А вот что писала в семидесятые годы прошлого века филолог Наталья Долинина: «Мне не жалко маленькую княгиню. Меня, как и князя Андрея, раздражает ее болтовня, ее хорошенькое личико, мне не жалко, когда муж почти выгоняет ее из своего кабинета и когда оставляет в Лысых Горах, и позже, когда она умрет. Потому не жалко, что очень уж она довольна собой. Всегда, везде довольна собой. Он мучается. Казнит себя, думает, ищет — у нее все решено, все ясно». Здесь автор высказывания заражен точкой зрения князя Андрея, причем еще и жестко абсолютизирует ее; надеюсь, Андрей был столь категоричен лишь в самые мрачные минуты.[6]

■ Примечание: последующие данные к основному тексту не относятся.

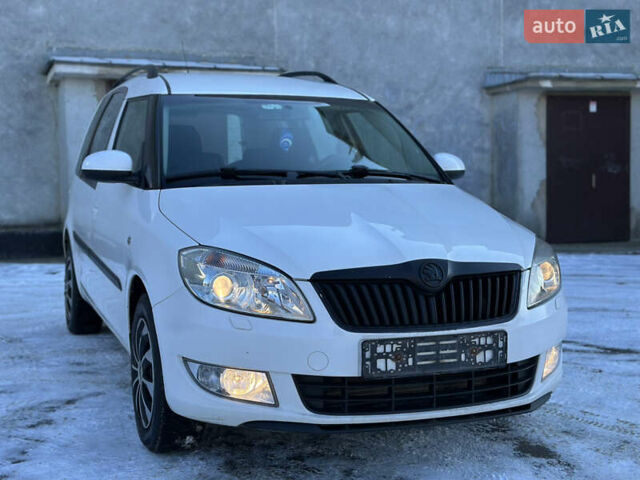 Белый Шкода Румстер, объемом двигателя 1.2 л и пробегом 246 тыс. км за 4700 $, фото 20 на Automoto.ua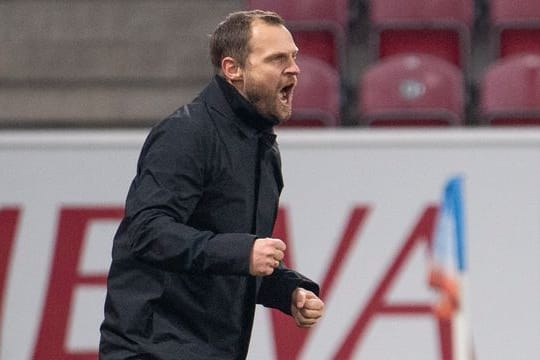 Der Mainzer Trainer Bo Svensson jubelte nach dem Schlusspfiff gegen Bochum.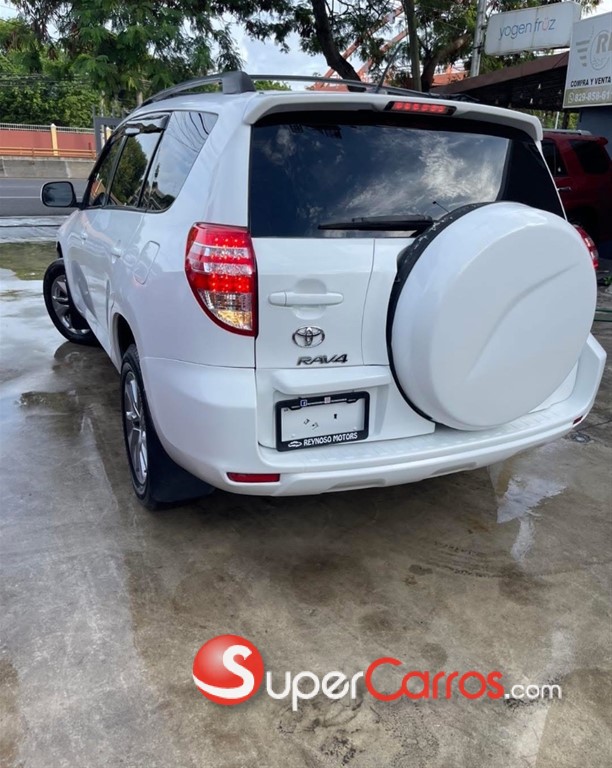 2010 Toyota RAV4 LE — foto 5 / 9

В 1–1-VI, когда Долохов балансирует на окне, происходит следующее.

Пьер опять закрыл глаза и сказал себе, что никогда уж не откроет их. Вдруг он почувствовал, что все вокруг зашевелилось.

Александр Жолковский и Юрий Щеглов называют этот момент «затемнением».[7] Затемнение в прямом смысле слова следует здесь в советском фильме, нам предлагается пустой темный кадр. Причем несколькими строками раньше в том же абзаце мы со стороны видели Пьера закрывающим лицо руками, а тут «видим» то же самое «изнутри» героя. Получается, что цель Толстого — дезориентация читателя, бесконечное усложнение точки зрения, а не ее непротиворечивая фиксация.

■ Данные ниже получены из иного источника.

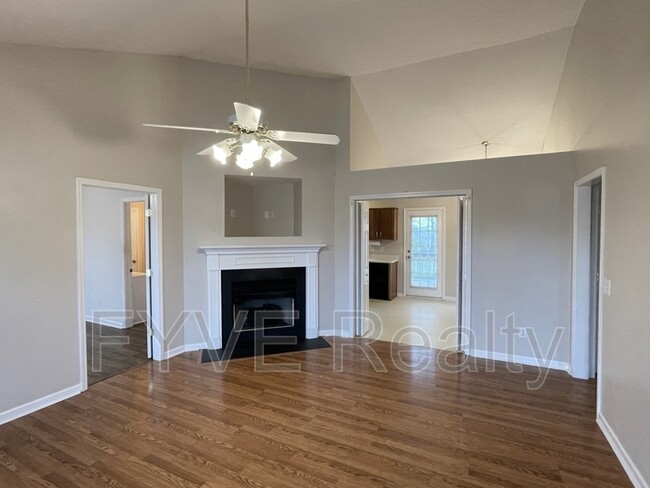 Building Photo - 510 Summit Way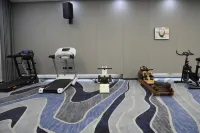 Weishi East View International Hotel - Gym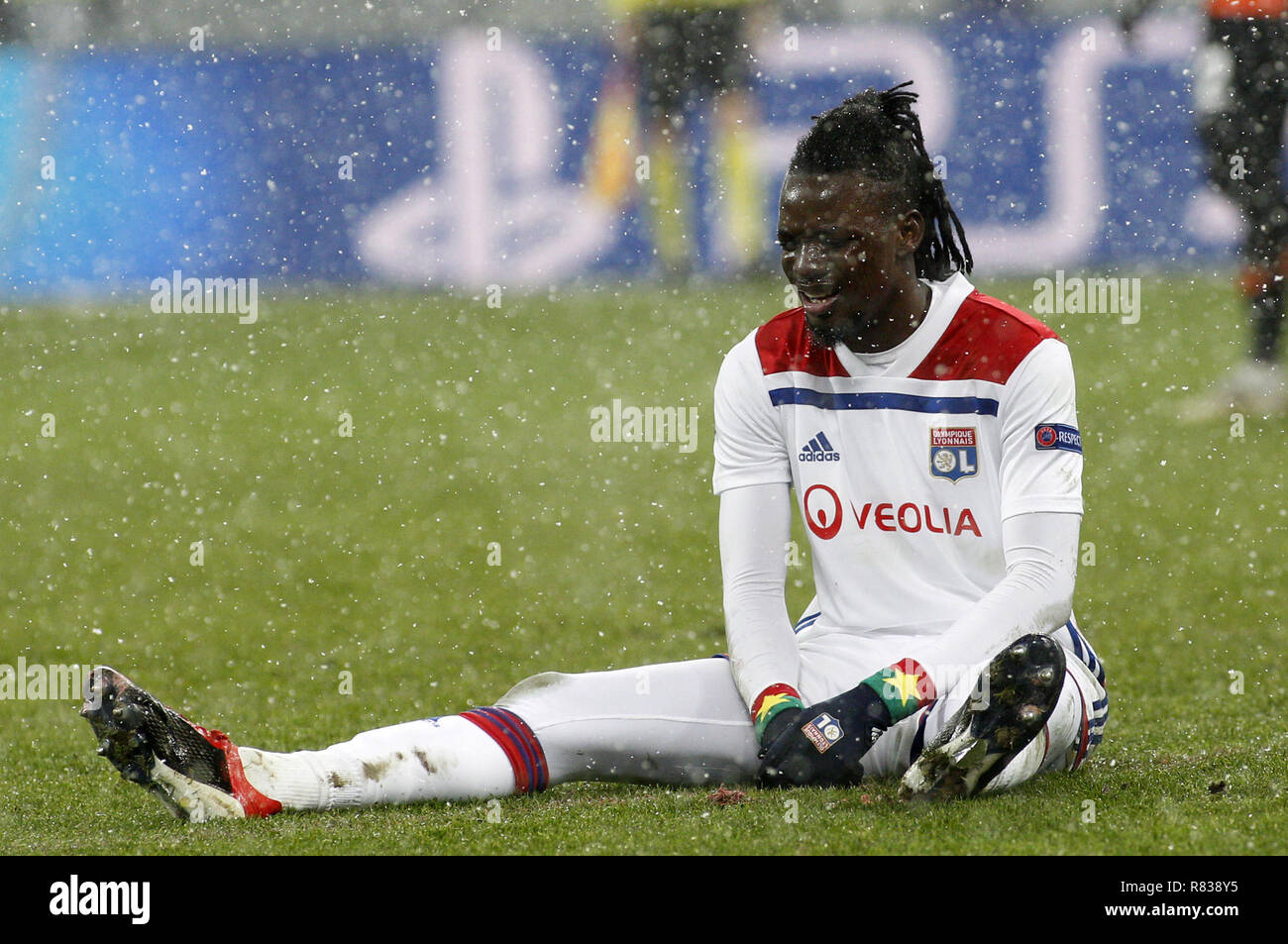 Kiew, Ukraine. 12 Dez, 2018. Bertrand Traoré von Lyon reagiert während der UEFA Champions League Gruppe F Fußballspiel zwischen Shakhtar Donetsk und Lyon an der NSK Olimpiyskyi in Kiew, Ukraine, 12. Dezember 2018. Credit: anatolii Stepanov/ZUMA Draht/Alamy leben Nachrichten Stockfoto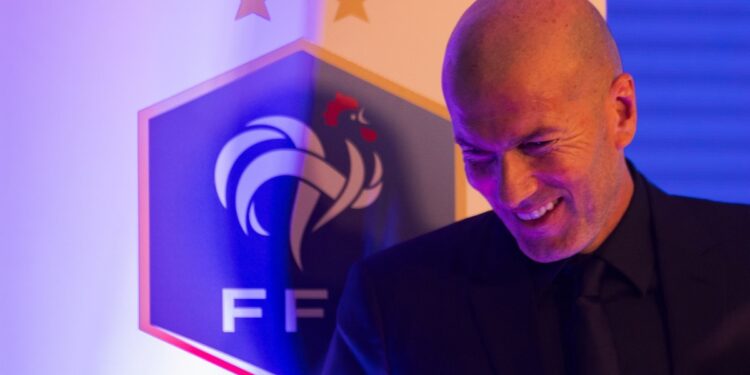 La primera gran decisión de Zidane en Francia: cambio de posición para Mbappé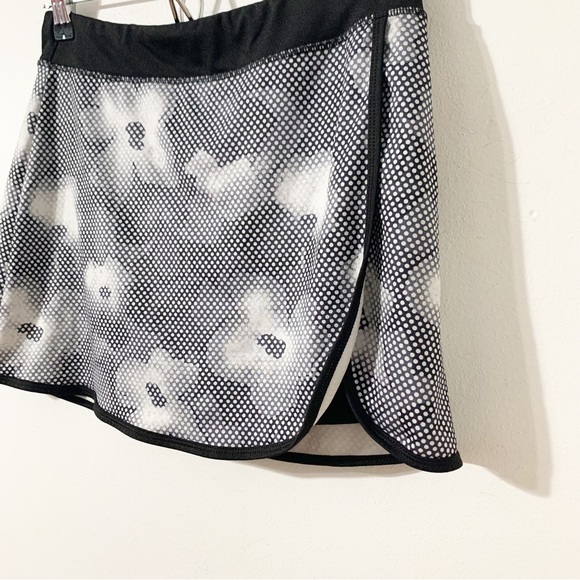Danskin Now Performance Active Skort Flower & Dot Pattern Open Side Short Lining - Picture 3 of 12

Читаем еще девятнадцать глав

Двоение именинниц и первые ретроспекции. 1–1-VII

а)

В конце петербургских глав пути центральных героев расходятся. Оба — и Пьер, и Андрей — едут каждый к своему отцу. Московские главы — их 15 — расположены на «пути Пьера», появляется он в них не сразу.

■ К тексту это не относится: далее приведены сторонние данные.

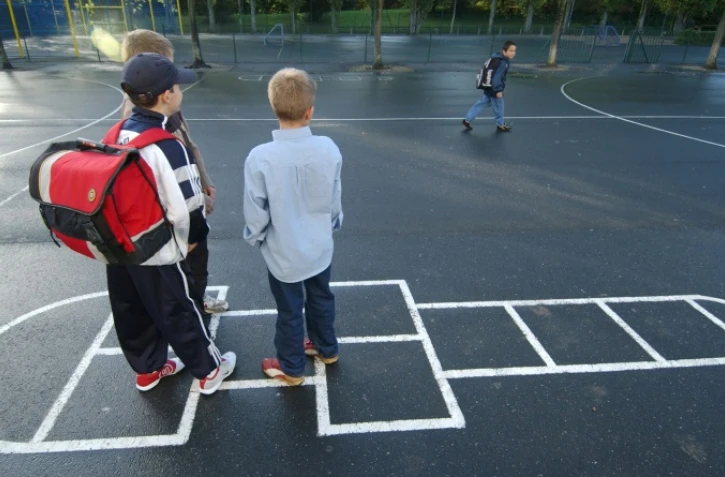 Malgré le nombre d'enfants et la diversité des jeux --là une partie de foot, ici une autre de +chat+, il y a très peu d'accidents dans les cours de récréation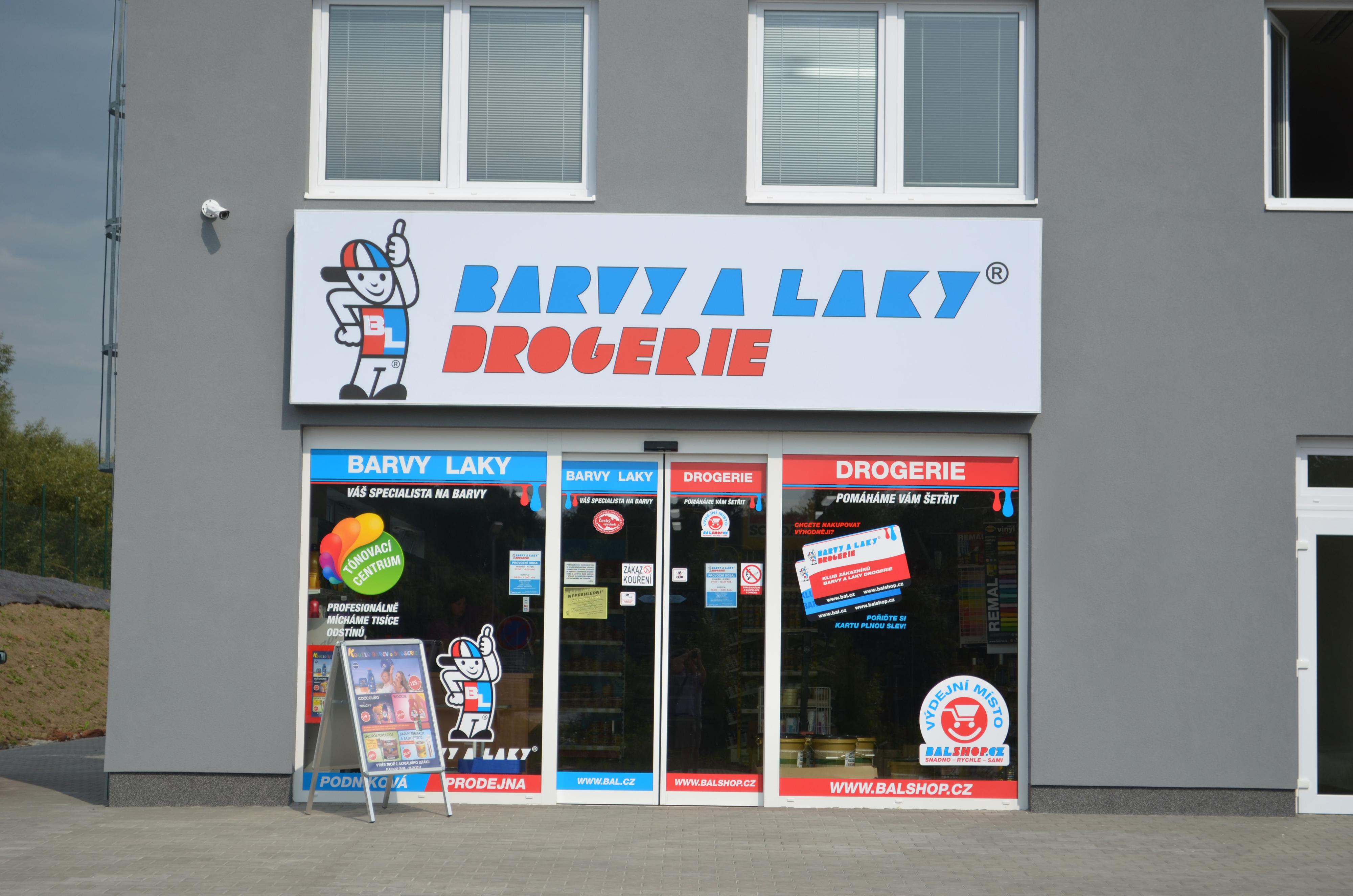 BARVY A LAKY DROGERIE foto 4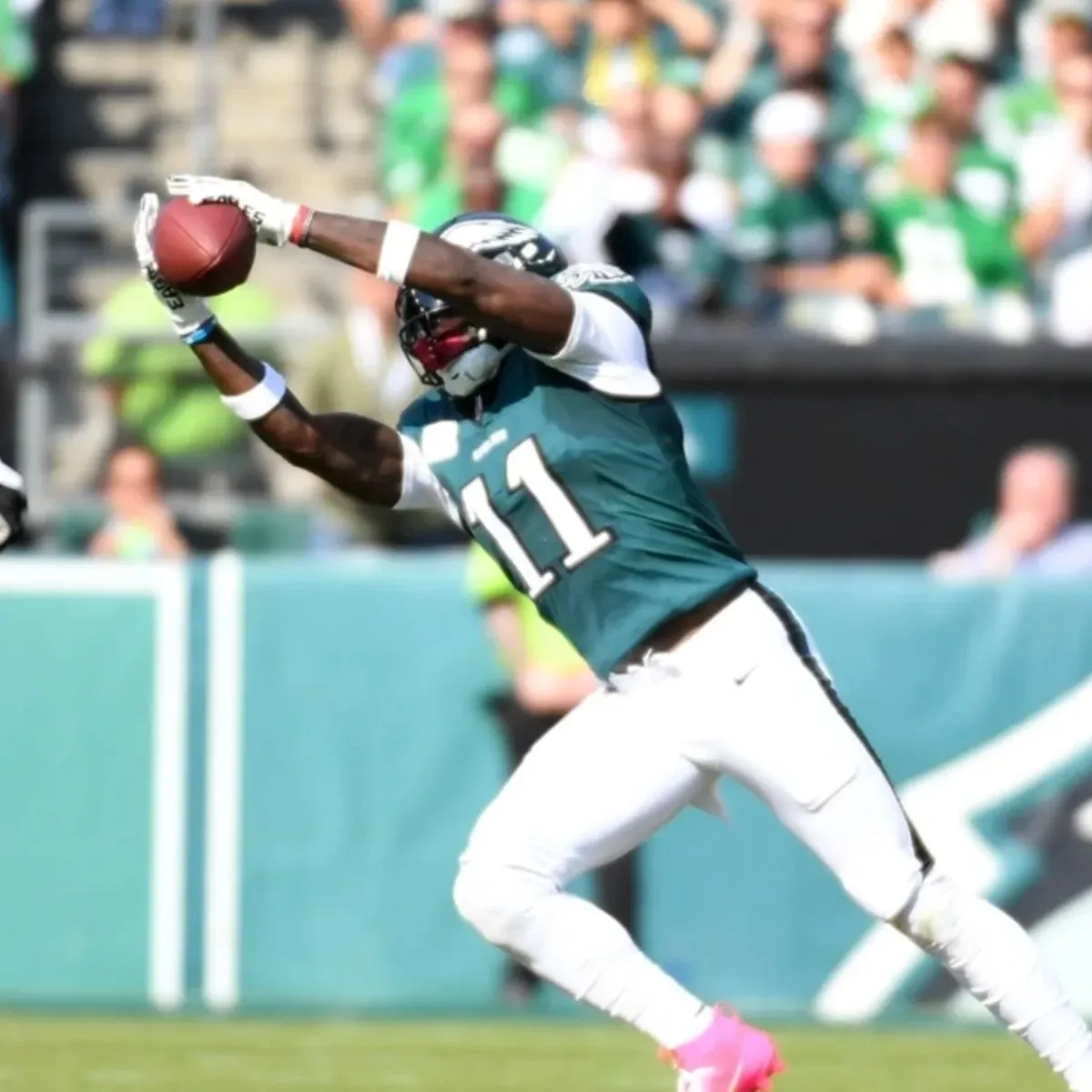 Eagles welcome back receivers, hand Browns fourth straight loss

Между шестой и седьмой главами прошел минимум месяц. Начался роман в июле 1805-го, это сразу сообщено в 1–1-I. Правда, в 1–1-VI возникает вдруг — в тот же день — «июньская ночь». Это один из уймы примеров пренебрежительного отношения Толстого к истории и хронологии. Может быть, действие начинается на переломе июня и июля (Лукка и Генуя стали «поместьями фамилии Бонапарте» именно в июне), а датируется событие с точки зрения настолько верховного рассказчика, что календарная мелочь в несколько дней не имеет значения. Если речь о рубеже июня и июля, то прошло даже почти два месяца: московские главы начинаются в день ангела двух Наталий, «графинюшки» Ростовой и ее дочери, который отмечается 26 августа по юлианскому календарю («по старому стилю»).

Кинематографистам такая длинная пауза не нужна. В американском фильме действие сразу происходит в Москве, и князь Андрей уводит Пьера к умирающему отцу прямо с вечеринки у Анатоля; в английском князь Василий увозит Пьера в белокаменную на следующее утро после пари Долохова. В тексте же, напротив, этот временной разрыв важен, он увеличивает «пространство» романа, в книгу как бы входят и те закадровые события, что упомянуты мельком (например, что гвардия вышла в поход 10 августа), читатель должен четко ощущать, что, несмотря на размах повествования, большие куски жизни героев остаются вне зоны непосредственного внимания, но тоже принадлежат «Войне и миру».